Benjamin Wittes issues a persuasive call for greater coherence, clarity, and public candor from the American government regarding its detention policy and practices, and greater citizen awareness of the same. In Detention and Denial, he illustrates how U.S. detention policy is a tangle of obfuscation rather than a serious set of moral and legal decisions. Far from sharpening focus and defining clear parameters for action, it sends mixed signals, muddies the legal and military waters, and produces perverse incentives. Its random operation makes a mockery of the human rights concerns that prompted the limited amount of legal scrutiny that detention has received to date. The government may actually be painting itself into a corner, leaving itself unable to explain or justify actions it may need to take in the future. The situation is unsustainable and must be addressed.

Preventive detention is a touchy subject, an easy target for eager-to-please candidates and indignant media, so public officials remain largely mum on the issue. Many Americans would be surprised to learn that no broad principle in American jurisprudence actually prohibits preventive detention; rather, the law "eschews it except when legislatures and courts deem it necessary to prevent grave public harm." But the habeas corpus legal cases that have come out of the Guantánamo Bay detentionfacility—which remains open, despite popular expectations to the contrary—have addressed only a small slice of the overall issue and have not—and will not—produce a coherent body of policy.
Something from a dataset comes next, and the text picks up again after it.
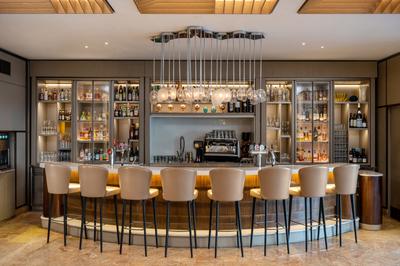Lobby Bar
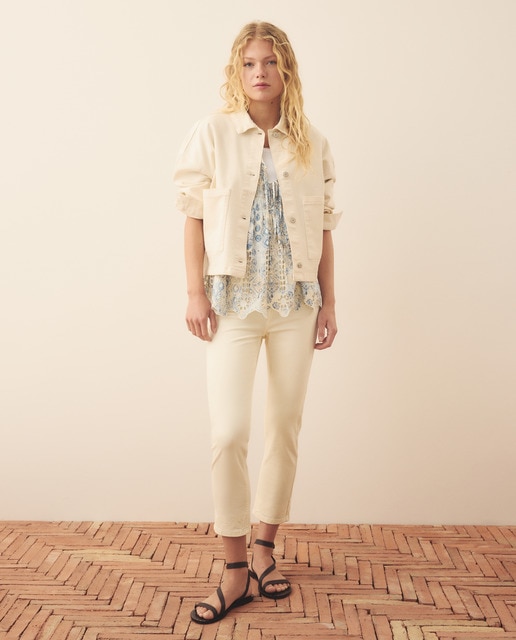 Imagem 0 de Calças Capri com Bordado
U.S. government and security forces need clear and consistent application of their detention policies, and Americans must be better informed about them. To that end, Wittes critiques America's current muddled detention policies and sets forth a detention policy based on candor. It would set clear rules and distinguish several types of detention, based on characteristics of the detainees themselves rather than where they were captured. Congress would follow steps to "devise a coherent policy to regulate the U.S. system of detention, a system that the country cannot avoid developing."